If kids of the upcoming generation don't find nostalgia with Cave Story I will surely weep.
But to be more realistic, it's probably going to be stuff like
Borderlands
Anything by Nintendo (Mario, Zelda, Kirby, etc.)
Halflife 2 & whatever episodes
Oblivion, Fallout 3, Fallout New Vegas, and pretty much everything by Bethesda
KOTOR 1 & 2, Jade Empire, Neverwinter Nights, and pretty much anything by Obsidian
Definitely the God of War series
Hell, maybe the Gears of War series
Definitely the Assassin's Creed series
Eh... maybe the Call of Duty: MWF schlock. I'm not going to like it, but you have to admit, it was popular enough that the kids of today are going to remember fondly when they get to our age(s). Lord help 'em.

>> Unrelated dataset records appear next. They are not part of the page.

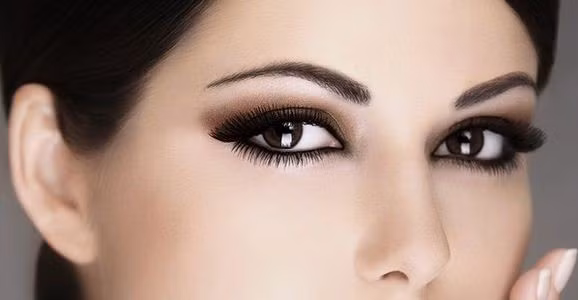 Phụ nữ có lông mày nhạt, đứt đoạn: Phụ nữ có nét tướng này không gặp may mắn trong hôn nhân. Đây là người không kiên trì, không có chính kiến rõ ràng. Tính cách của họ thuộc kiểu sớm nắng chiều mưa, bi lụy trong chuyện tình cảm nên dễ khiến bạn đời cảm thấy mệt mỏi, chán nản.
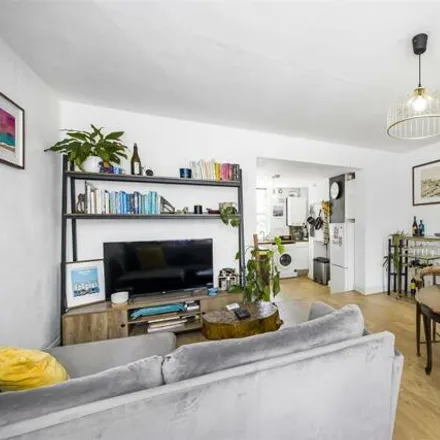 Buy this 2 bed apartment on The Prince Of Wales in 447 Kingsland Road, De Beauvoir Town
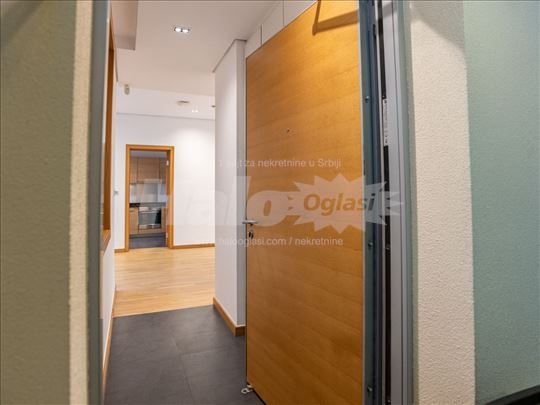 Premium kancelarijski prostor u b2 zgradi, 65,42m2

Essentially, whatever was popular, but did something (at least once at the time) that was memorable. For example, Borderlands being highly stylized and having a shit-ton of weaponry, or Cave Story just being Cave Story.
Pretty much what defined 'Nostalgia' for us. Granted, with the obvious exceptions, I feel it won't be as creative and dynamic as ours was, when gaming was still new and concepts and technology were essentially being broken with every big new title in the 80s and 90s, but it will still be there for the games that deserved it - the games that pushed boundaries and set themselves apart - or even just created the trends that currently stagnate the industry (They had to be popular and innovative at some point to inspire their imitators, after all).
My hope is that whatever they remember with the same love and reverence as we do for our Pokemon Red & Blue Versions, Metal Gear, Mortal Kombat (the first 3-4), and whatever other classics, even the redundant CoD shit, they remember the best aspects of them and continue to promote the innovative parts of them that we with our own modern biases failed to pick up, so the creative spirit, even if not the image of those games pass themselves on like ours did.
Legacy through innovation and impact - the best way for a title to pass itself on.